(Stored dataset items)
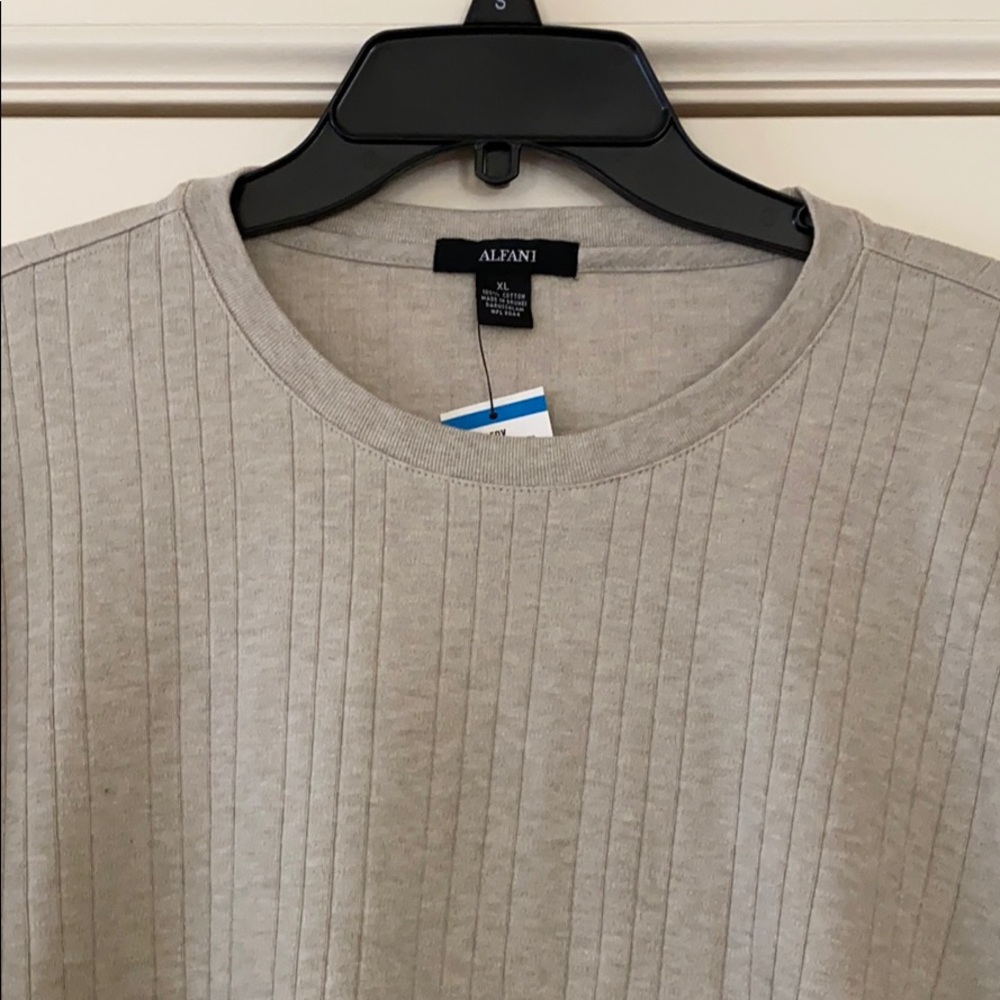 NET Men’s Alfani Long Sleeve Shirt
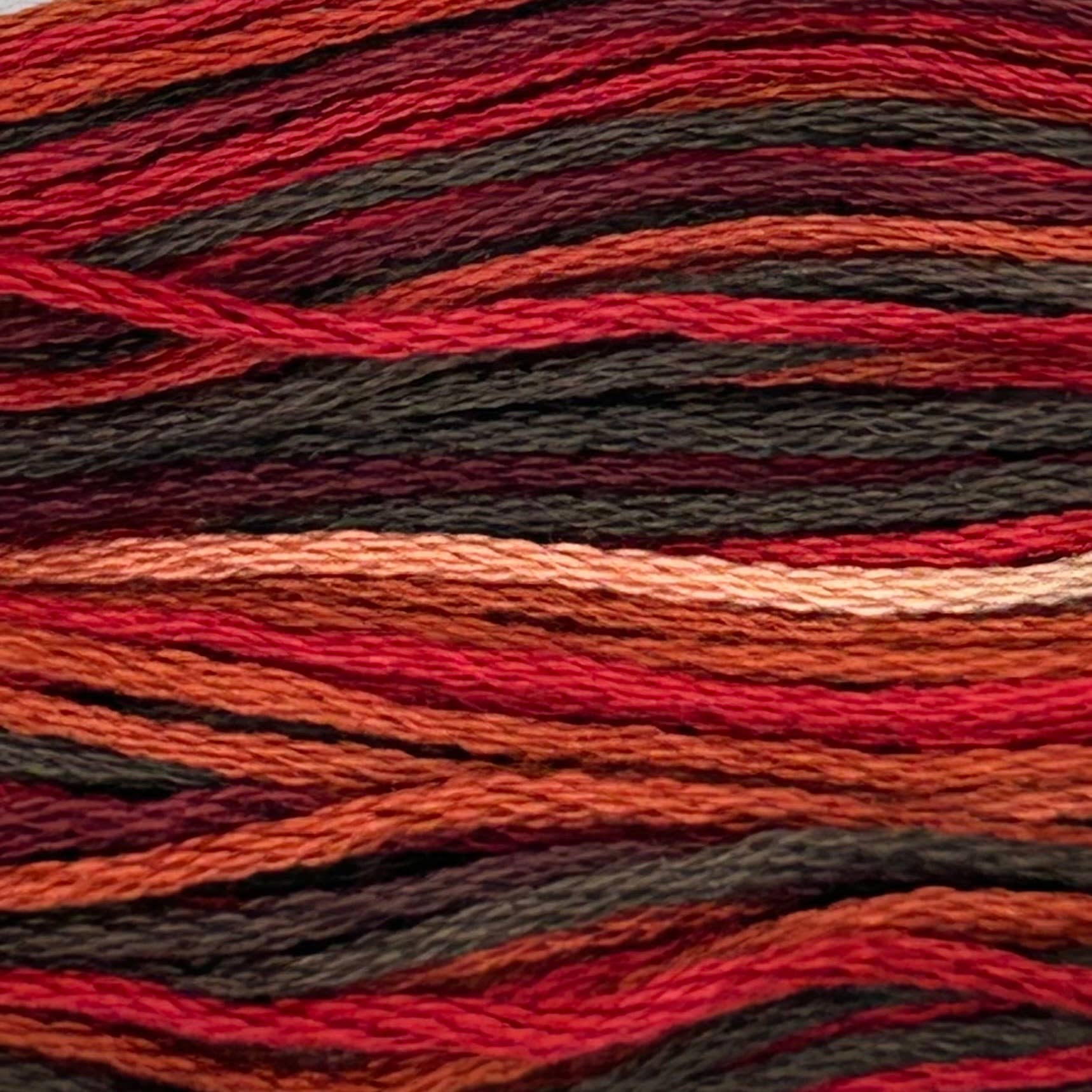 OTF Threads - Wholesale Thread - OTF Threads™ Variegated 6 Strand Embroidery Floss Box of 2467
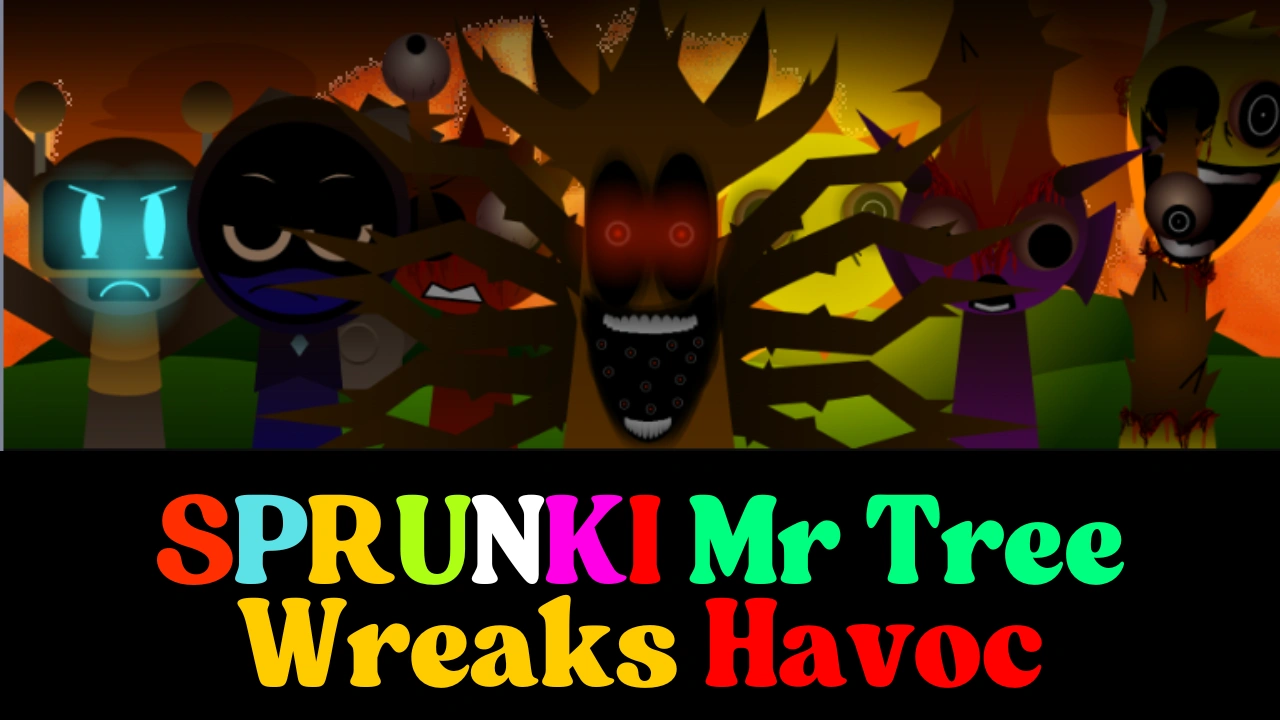 Sprunki Mr Tree Wreaks Havoc | Play Now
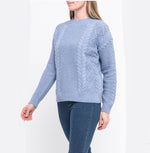 Cable Bobble Pullover - Various Colours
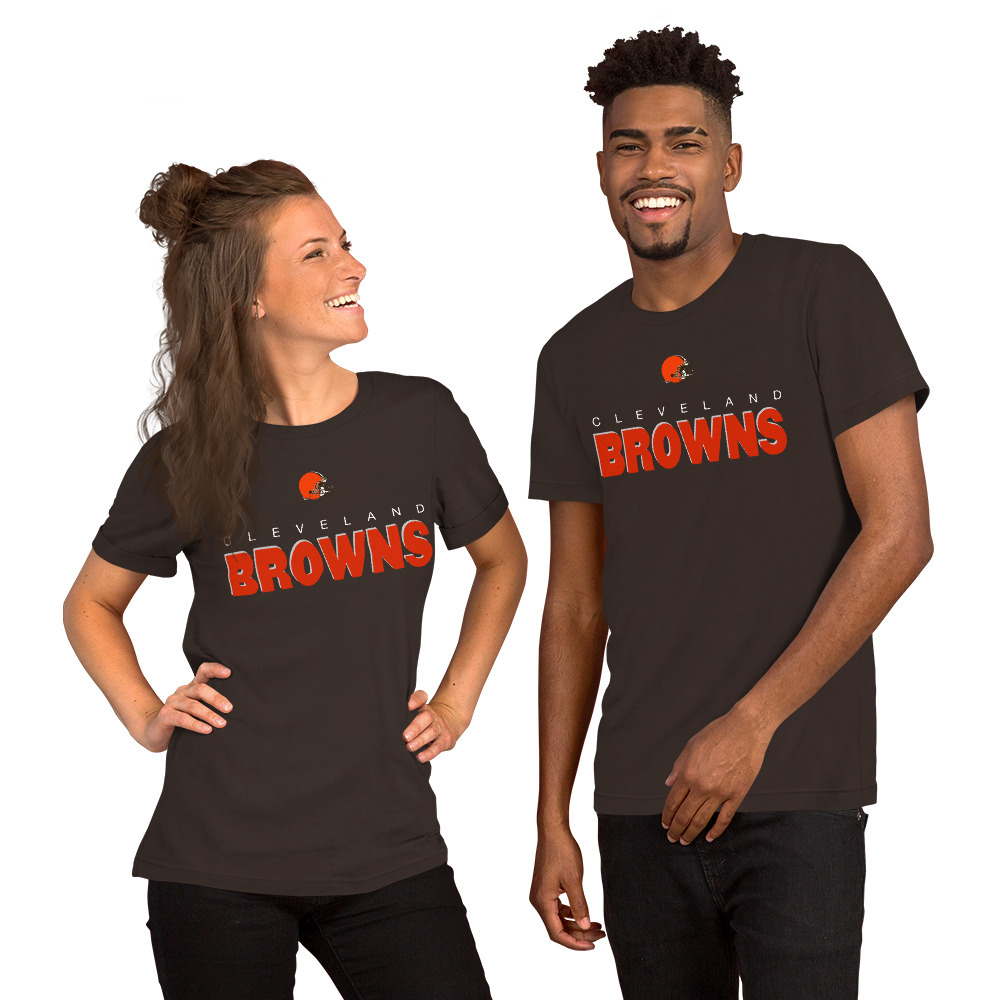 Cleveland Browns Classic Logo Short-Sleeve Unisex T-Shirt 6 Cleveland Browns Classic Logo Short-Sleeve Unisex T-Shirt - Image 6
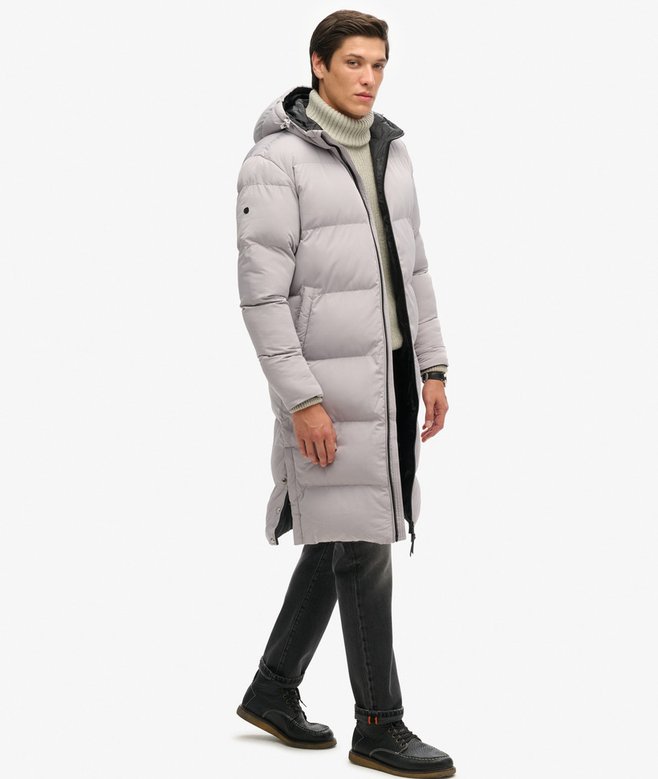Superdry Longline Duvet Coat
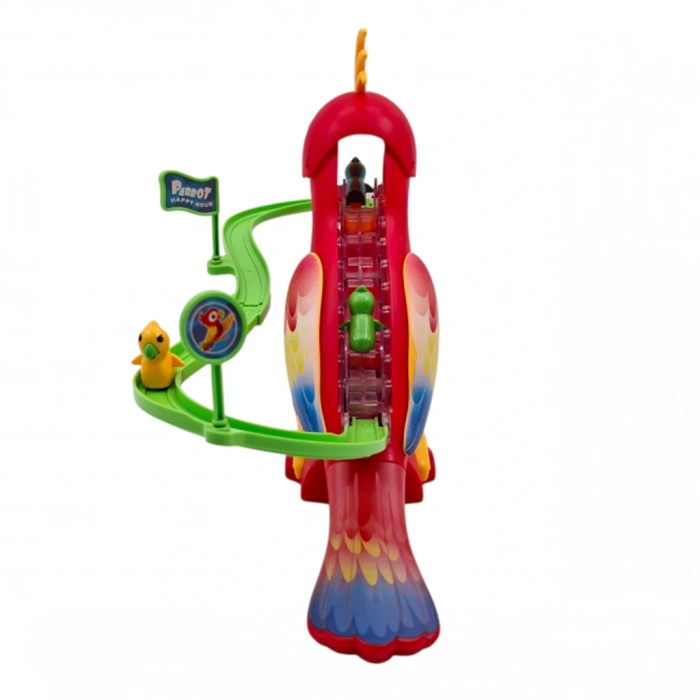 AKÇİÇEK 6020 PİLLİ KAYDIRAK PAPAĞAN MÜZİKLİ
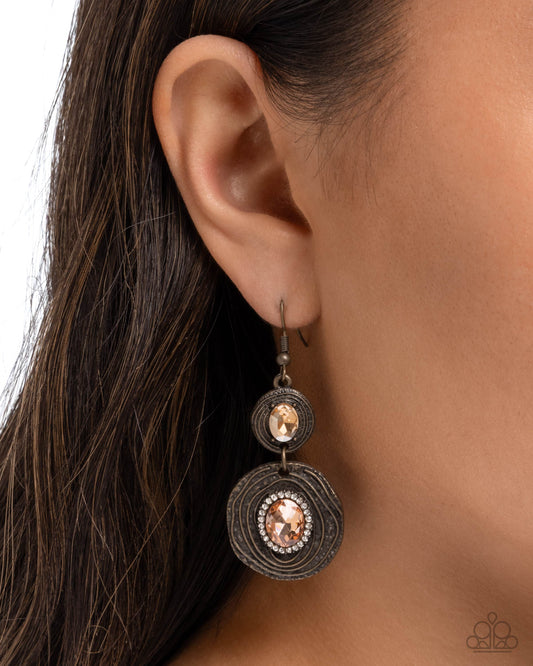 Ravishing Rings - Brass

## EXERCISE REQUIREMENTS:
Each line from the one containing "Cleveland Browns Classic Logo Short-Sleeve Unisex T-Shirt 6" through the end of the records above is to be retyped exactly, with the pictures omitted and nothing added.

## REPLY TO THE EXERCISE:
 Cleveland Browns Classic Logo Short-Sleeve Unisex T-Shirt 6 Cleveland Browns Classic Logo Short-Sleeve Unisex T-Shirt - Image 6
Superdry Longline Duvet Coat
 AKÇİÇEK 6020 PİLLİ KAYDIRAK PAPAĞAN MÜZİKLİ
 Ravishing Rings - Brass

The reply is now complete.